ASSIGNED TASK: Each line starting at the one that contains "Color Outside the Lines Oval Drop Earrings" and ending at the one that contains "how to connection" must be returned exactly, and the rest of the listing is left out.

EXTRACTED RECORDS:
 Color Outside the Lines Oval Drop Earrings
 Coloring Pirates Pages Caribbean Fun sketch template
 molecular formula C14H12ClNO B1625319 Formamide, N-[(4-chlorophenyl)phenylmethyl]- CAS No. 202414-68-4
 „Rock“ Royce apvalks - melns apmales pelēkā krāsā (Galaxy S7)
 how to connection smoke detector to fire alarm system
* * *
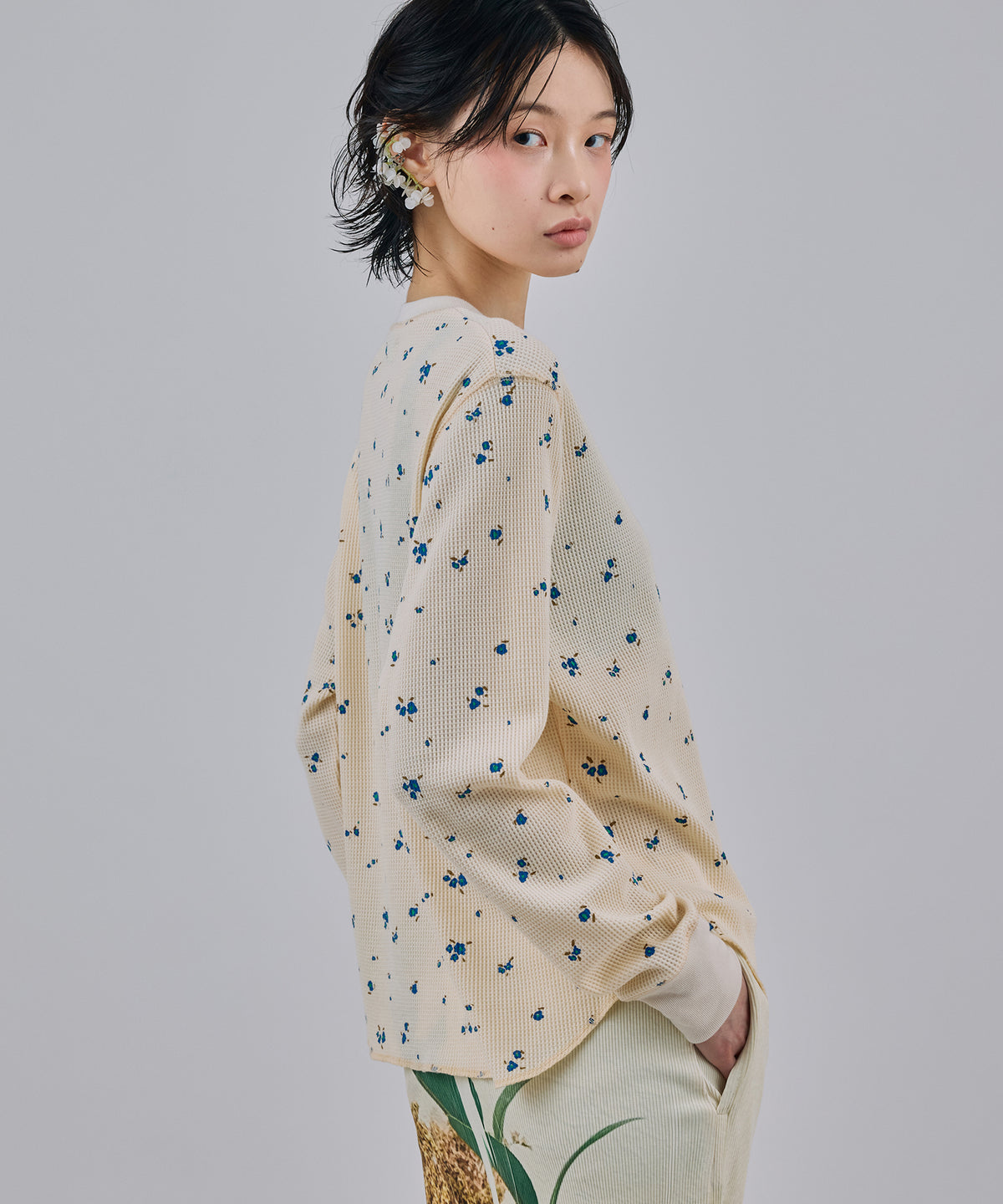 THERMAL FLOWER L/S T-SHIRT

RESPONSE TO THE TASK:
 Color Outside the Lines Oval Drop Earrings
 Coloring Pirates Pages Caribbean Fun sketch template
 molecular formula C14H12ClNO B1625319 Formamide, N-[(4-chlorophenyl)phenylmethyl]- CAS No. 202414-68-4
 „Rock“ Royce apvalks - melns apmales pelēkā krāsā (Galaxy S7)
 how to connection smoke detector to fire alarm system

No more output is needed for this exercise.